Kendati demikian, kita tidak bisa menyalahkan adanya teknologi informasi. Menolak ataupun menggugatnya juga sudah bukan pilihan yang tepat dan tak ada artinya dilakukan. Mungkin lebih tepat kita mengikuti pepatah Cina, "Lebih baik menyalakan satu lilin dari pada mengutuk kegelapan."
Alternatif yang bisa ditempuh HMI bukanlah melawan arus teknologi informasi. Tetapi, kita bisa memanfaatkannya sebagai new power (kekuatan baru) untuk me-redesign kejayaan HMI. Dan, sebenarnya untuk menciptakan power, teknologi informasi inilah tempatnya.
Tidak salah jika kemudian Ziauddin Sardar, menegaskan bahwa informasi merupakan kekuasaan. Tanpa informasi seseorang tidak memiliki kekuasaan. Menurutnya, jika informasi dibolehkan mengalir secara bebas dalam masyarakat, maka ia akan memberikan jalan ke arah kekuasaan kepada masyarakat yang terbelakang serta akan mencegah konsentrasi kekuasaan pada segelintir orang.

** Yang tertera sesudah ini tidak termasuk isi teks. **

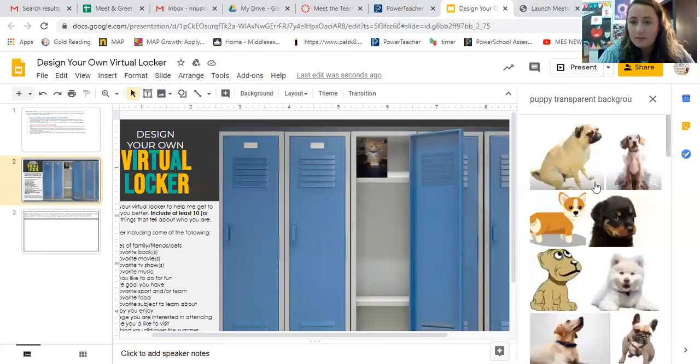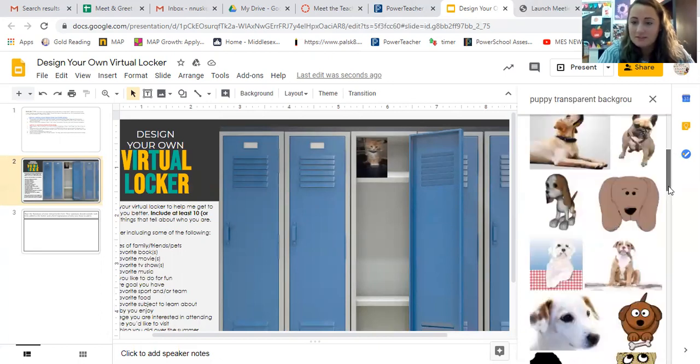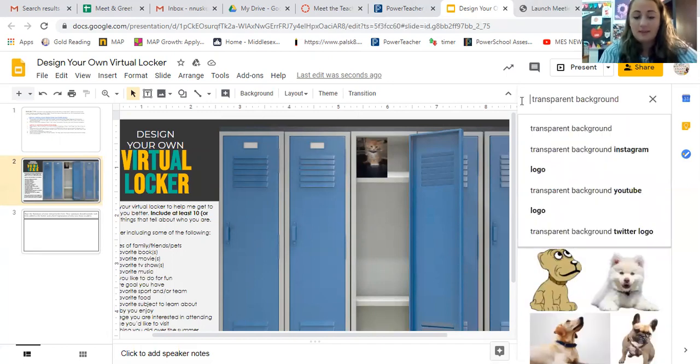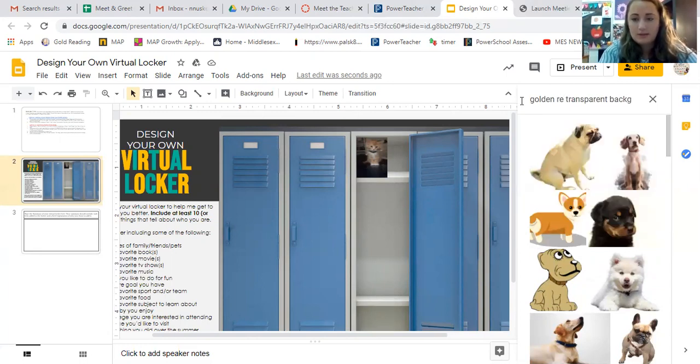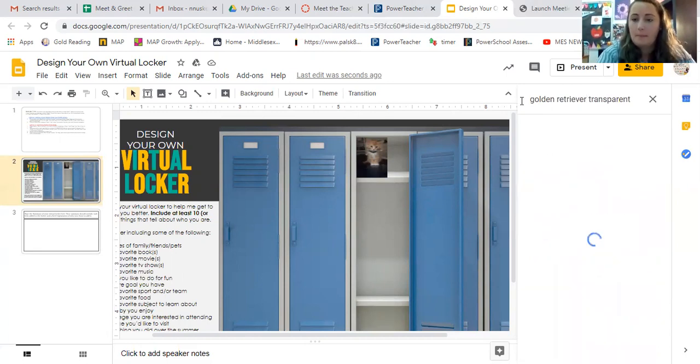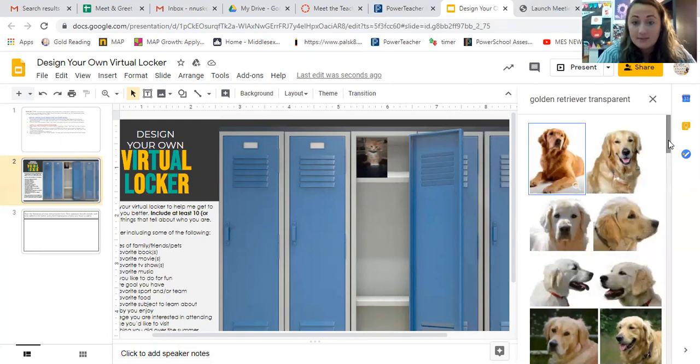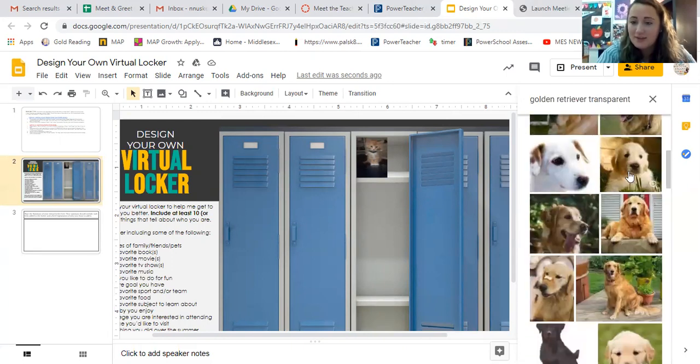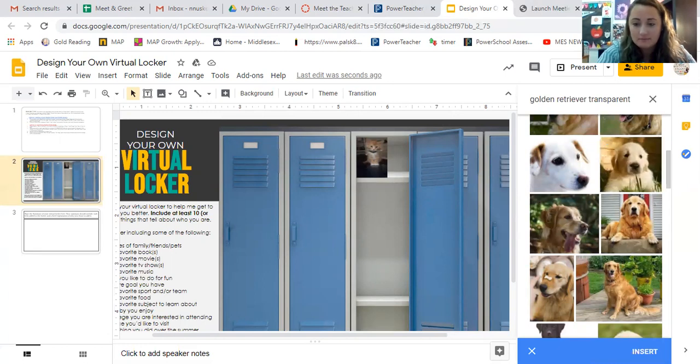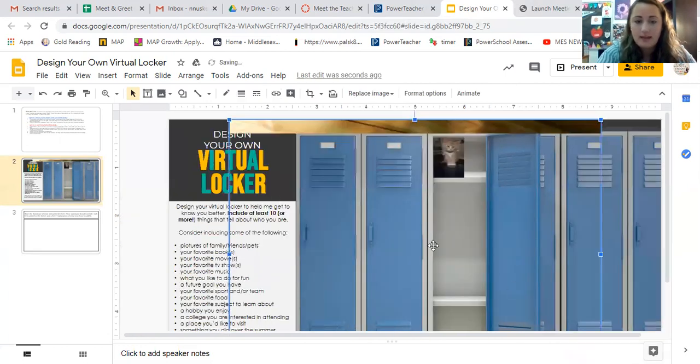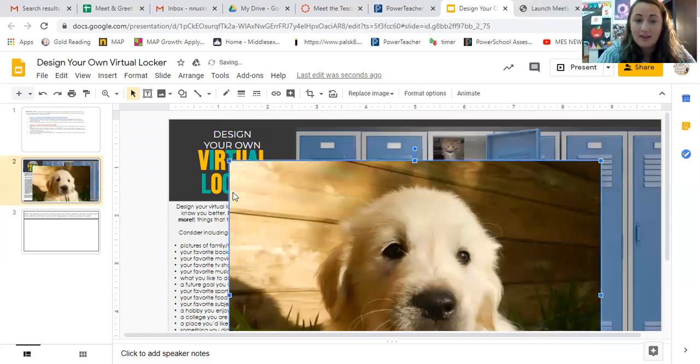And a bunch of different puppies come up. Now you might not have this type of puppy, so you might want to type in golden retriever. That's my favorite dog, golden retriever, transparent. So then your specific dog might come up, and look how cute he is. So I'm going to just click on him and click insert. And now the puppy comes up. Now again, really large image.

Jika pertanyaan yang kita ajukan, mengapa di era yang sudah serba canggih ini justru HMI seperti kalut dalam kejumudan? atau pertanyaan lainnya, mengapa HMI tak dapat melahirkan tokoh-tokoh sekaliber Cak Nur, Ahmad Wahib, Dawam Raharjo, Mukti Ali, Azzumardi Azyra, dan Amien Rais dalam bidang pemikiran Islam saat ini? Apakah saat ini wacana intelektualisme sudah tidak lagi menarik di kalangan kader? Apakah kecanggihan informasi saat ini justru menjungkir-balikkan kader HMI itu sendiri?
Inilah kondisi yang mestinya dikaji dan dijawab dalam rumpun komunitas Hijau-Hitam saat ini. Tampaknya ada yang salah dengan cara kader HMI menyambut dan bersosialisasi dengan kemajuan itu.
HMI bisa dikatakan terjebak pada romantisme dan budaya instan yang diusung kemajuan teknologi. Akibatnya, Intellectual Sphere (ruang intelektual), yang tempo dulu hidup di HMI, hari ini sudah sangat jarang didapat. Saat ini sulit ditemukan model-model forum diskusi seperti 'limited Groupnya' Ahmad Wahib, Johan Effendi, dan Dawam Raharjo, atau 'KKA'-nya Cak Nur di Paramadina.
Hari ini forum diskusi itu sudah beralih ke dunia maya, berganti dengan bahasa chatting. Keuletan membaca, mengkaji, dan meneliti telah tergantikan oleh fenomena chatting, browsing, dan downloading. Ghirah inteletual pun memudar dengan sendirinya.
Tempo dulu, untuk menghasilkan karya penelitian diperlukan kajian yang mendalam dari kompilasi khazanah-khazanah ilmu pengetahuan. Tapi saat ini, sangat instan. Hanya dengan mengklik search engine di internet, kita sudah tinggal memilih dan mendownload-nya. Kondisi inilah yang menjadi tantangan bagi HMI di abad melek informasi ini. Jika tidak, kejayaan HMI hanya akan menjadi sejarah yang layak dimuseumkan atau ia hanya akan menjadi menara gading yang takkan pernah tersentuh oleh kader-kader HMI itu sendiri.